Procrastination is a problem. Just last month, during finals, there was hardly a student in sight without a near-permanent feeling of anxiousness festering in their chest, if not worn on their face. According to flyers regarding stress-management techniques posted around campus (as though the necessity of their having been posted in the first place didn’t speak volumes unto itself), more than 85 percent of students reported feeling overwhelmed by their workloads within the last year and almost half reported feelings of overwhelming anxiety within the same time-frame.
Fellow students: Why do we do this to ourselves? Why must we constantly sabotage our own efforts in such a way? Are we psychotic? It certainly feels that way. An informal study of 100 students here at Fitchburg State has shown that around three-quarters of us admit to severe procrastination at some point during the year. Certainly we understand the consequences of our actions. We’re not stupid. After all, we passed high school. That has to count for something. So why, then, are we able to so easily ignore the inevitable ramifications of our actions?
According to psychologist Stephen Vodanovich, it’s science’s fault. There we go, crisis averted; we’re not to blame. Vodanovich, who teaches at the University of West Florida, provides some insight into why students procrastinate.

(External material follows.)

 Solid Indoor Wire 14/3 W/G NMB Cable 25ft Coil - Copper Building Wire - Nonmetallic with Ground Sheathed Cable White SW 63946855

First, he says in a paper written with colleague H.M. Seib, putting off work delays getting “accurate performance feedback,” which tends to protect self-esteem. The fears of failure, rejection and inadequacy can lead us to avoid taking the risk of putting any real effort into our work. If we didn’t put any effort into something, how does it speak poorly of us if the final product itself is poor? This phenomenon is in no way related to the capability of an individual to complete a task, but speaks volumes about our self-consciousness.
Second, according to Canadian psychologist Roger Buehler, we may simply underestimate the amount of time it takes to complete a certain task. I’m pretty sure that we’re referring to garden-variety incompetence here. That being said, we’ve all done it, waiting until the last second only to realize that the project in question will require much more work than previously thought. It’s unfortunate, but it happens.

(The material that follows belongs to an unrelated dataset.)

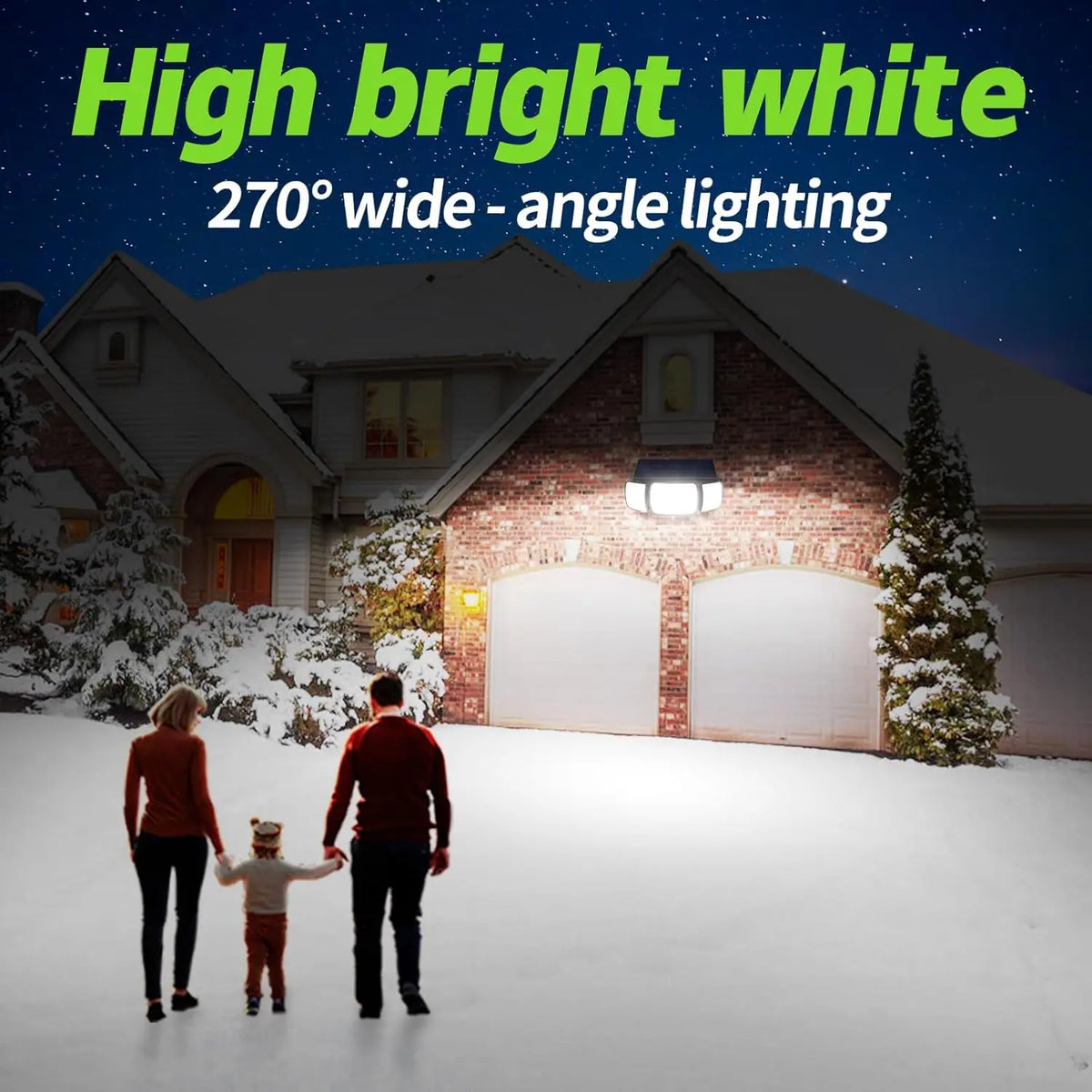 Intelamp Outdoor Solar Flood Light With Dual Motion Sensors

Onto the bad stuff: Procrastination has been linked to severe health disorders. Anxiety can depress the immune system. Ever notice how flu season tends to correlate with the end of the semester? Most experts on the matter do not see this as a coincidence.

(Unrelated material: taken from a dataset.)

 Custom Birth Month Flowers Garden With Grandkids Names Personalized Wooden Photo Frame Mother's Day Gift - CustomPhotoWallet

Now that you’re feeling appropriately awful about your situation, we’re onto the fixes. First and foremost, do the work! Try to maintain a regular schedule of eating, sleeping and studying; all things in moderation. A hectic lifestyle can have very detrimental effects on your health and, consequently, your grades. Cramming is bad, too. Don’t do that. Studies have shown that the mind retains information much better when absorbed gradually over the course of weeks.
In short, take care of yourself. You’ll feel better, you’ll perform better and you’ll be less likely to experience the end-of-the-semester panic this May.
Also important: Don’t be too hard on yourself. Pace yourself with your work (all things in moderation) and don’t ask too much from yourself. That kind of stress can only lead to problems. Take things one step at a time.
Now, take a deep breath and repeat after me: “It’s a new semester, and a new chance to do things right.” Let that sink in. Got it? Good. Now get ready to go do your work.